- AUTHOR
- Our poets, whether named or anonymous, must have lived or published during the long eighteenth century (1660-1800).
- The poet’s name is given in the entry title bar, and at the beginning of the post.
- For anonymous or pseudonymous poems, if authorship can be reliably determined by available scholarship, the poet’s name will appear in brackets.
- If authorship cannot be reliably determined, the poet’s name as it appears in print will be given within quotation marks.
- “Anonymous” is used for any unsigned poem.
- Where applicable, graduate student editors also write up a short biography of their poet. These are organized alphabetically by surname in the drop-down menu under “Poet Biographies” in the main menu.
- POEM: TITLE
- We aim to offer poems not typically found in modern teaching anthologies of eighteenth-century poetry.
- Poems are chosen based on perceived topical, cultural, historical, and/or aesthetic value.
- The poem title is rendered in quotation marks if it was published in a periodical, single-author volume, miscellany, or any other collection of poems.
- The title is rendered in italics if the poem was published separately, with its own title page.
- POEM: COPY-TEXT
- We strive to use eighteenth-century print sources as our copy-texts.
- However, given our limited archive on campus, and lack of access to a major collection of eighteenth-century books, we allow for the use of digital and microfilm surrogates.

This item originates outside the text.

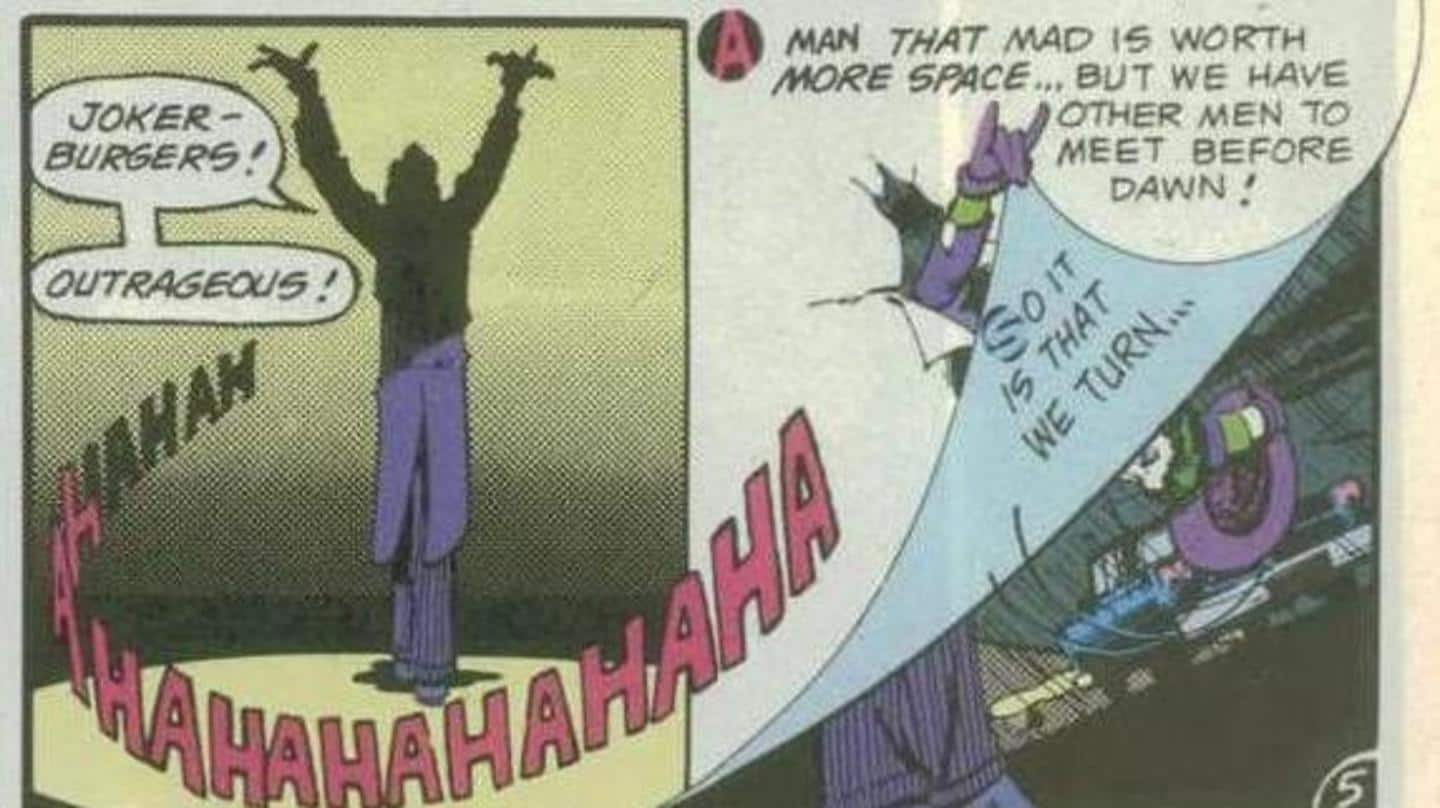 The Joker occasionally talks to his 'real' fans The Joker occasionally talks to his 'real' fans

- We are reflexively aware of the problems that can ensue from using these surrogates (a line cropped from the bottom of a page in the photography process; poor reproduction quality). Students using surrogate sources are cautioned about these issues, and instructed to avoid texts that were obviously compromised in the surrogate-making process.
- When a surrogate source is used as copy-text, that fact is noted in brackets at the end of the bibliographical “Source” line of the post, e.g. “[ECCO].”
- This offers transparency for users regarding our limitations, while also allowing us to give credit to a variety of digital sources (e.g. EEBO, ECCO, Hathi Trust, Google Books) that help make a project like this possible.
- POEM: FORMATTING
- We aim to format our poems as closely to the original as possible.
- Orthography: Original spelling is maintained, unless determined to be a printer’s error.
- Punctuation: Original punctuation is maintained, unless determined to be a printer’s error.
- Original stanzaic form and any paragraph or stanza breaks are maintained.
- Original italics are maintained, but not small caps or ligatures (which are not available in WordPress). We substitute full caps for small caps in our formatting, and silently separate ligatures.
- Printer’s Errors: Any discernible printer’s errors are corrected and noted in the apparatus.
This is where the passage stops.